More than 30 groups from around the world have come together to demand a moratorium on the EU’s move towards sourcing biofuels from large-scale monocultures.
In March 2007, EU leaders committed to a 10% share of biofuels in transport by 2020. Even US plane manufacturer Boeing plans to fly aircraft on a 50% biofuel blend. However, concerns have arisen over the environmental impact of bio-fuel production methods.
Presenting their case at the European Parliament on 26 and 27 June, the signatories warn that producing biofuel for EU markets will accelerate climate change, destroy biodiversity, and uproot local communities.
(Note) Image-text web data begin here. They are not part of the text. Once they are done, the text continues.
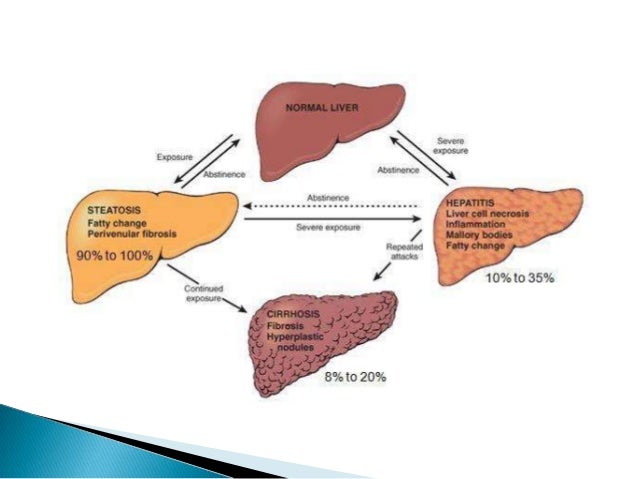 Alcoholic liver disease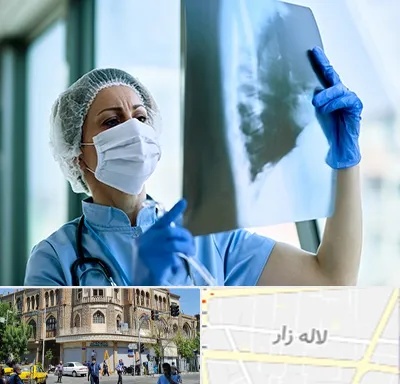 جراح سرطان ریه در لاله زار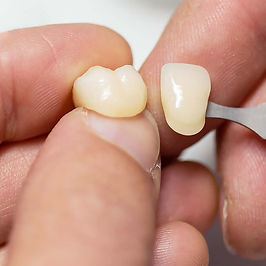 טכנאות שיניים ציוד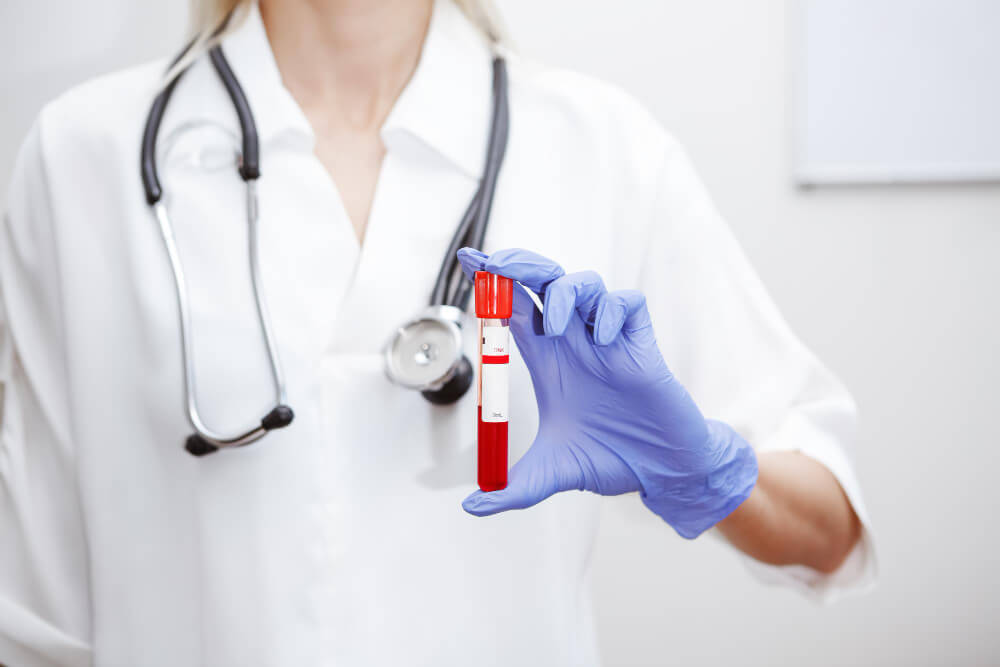 badania hormonalne – lekarka trzymająca w dłoni fiolkę z krwią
“Far from reducing greenhouse-gas emissions, Europe’s biofuel policy threatens to accelerate global warming by destroying tropical and sub-tropical forests and peatlands, which are amongst the world’s most important carbon sinks,” says Almuth Ernsting, of Biofuelwatch.
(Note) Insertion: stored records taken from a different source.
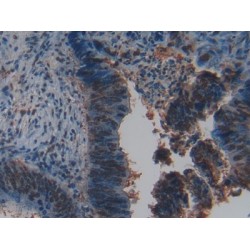 Pancreas Specific Transcription Factor 1a (PTF1a) Antibody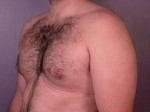 Breast Reduction (for Men)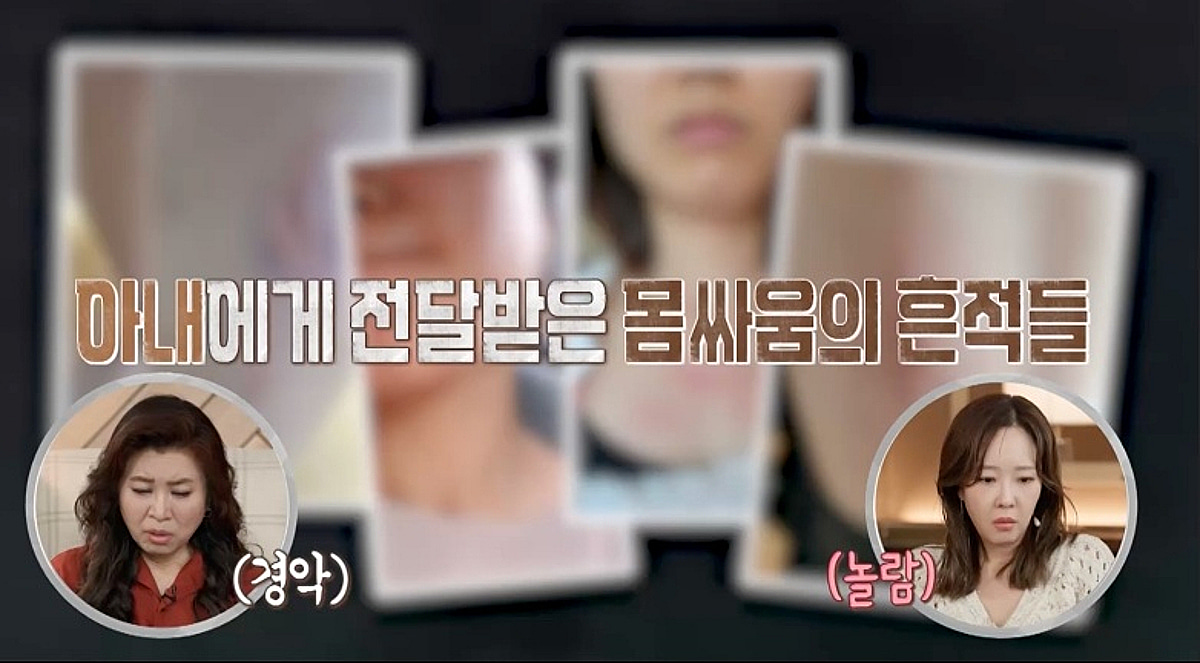 남편, 술만 마시면 '소변 실수+폭력 행동' 경악.."입원 치료해야" [결혼지옥]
Moreover, the group do not believe that the certification projects currently being drafted by the EU will be able to prevent such damage.
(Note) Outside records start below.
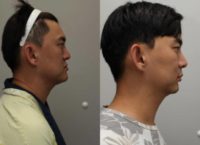 25-34 year old man treated with Jaw Reduction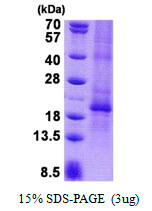 SDS-PAGE gel of recombinant human CGB protein 3µg under reducing conditions Coomassie blue stain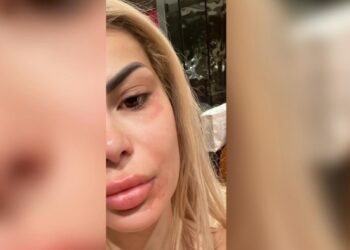 Pas një lodhjeje të gjatë në punë, Luana përfundoi kështu!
Nina Holland from Corporate Europe Observatory claims that the Commission’s plan contains “no proposals at all which would guarantee sustainability”. In the absence of such a guarantee, “we need a moratorium on biofuel support, incentives and imports” she adds.
Supporting the Commission’s policy on biofuels, the European agricultural association COPA-COGECA states: “Despite the substantial opportunities to reduce C02 emissions by developing more effective fuels and transport systems, the objectives of EU policy to combat climate change can only be reached by rapidly introducing bio-fuels in all member states.”
COPA-COGECA believes that biofuels have a positive influence on biodiversity. Pointing out that the EU’s bio-diesel production is based on 50% rapeseed, they claim that “rapeseed cultivation improves crop rotation and enhances biodiversity”.
Meanwhile “EU bio-diesel production helps improve EU independence in fossil fuels, while contributing to reducing greenhouse gas emissions,” they further state.
Supporting the Commission, Dirk Carrez – EuropaBio public policy director – states: “Even with strict environmental constraints, Europe has and will continue to have access to sufficient biomass allowing up to one quarter of all transportation fuel to come from biofuels in 2030.”
Moreover, he believes: “The unsustainable use of land for the production of biofuels can be avoided if efforts are concentrated on raising the yields of existing agricultural land instead of widespread deforestation.”
“The development of biofuels has a large potential for developing countries and will create many local jobs,” adds Carrez.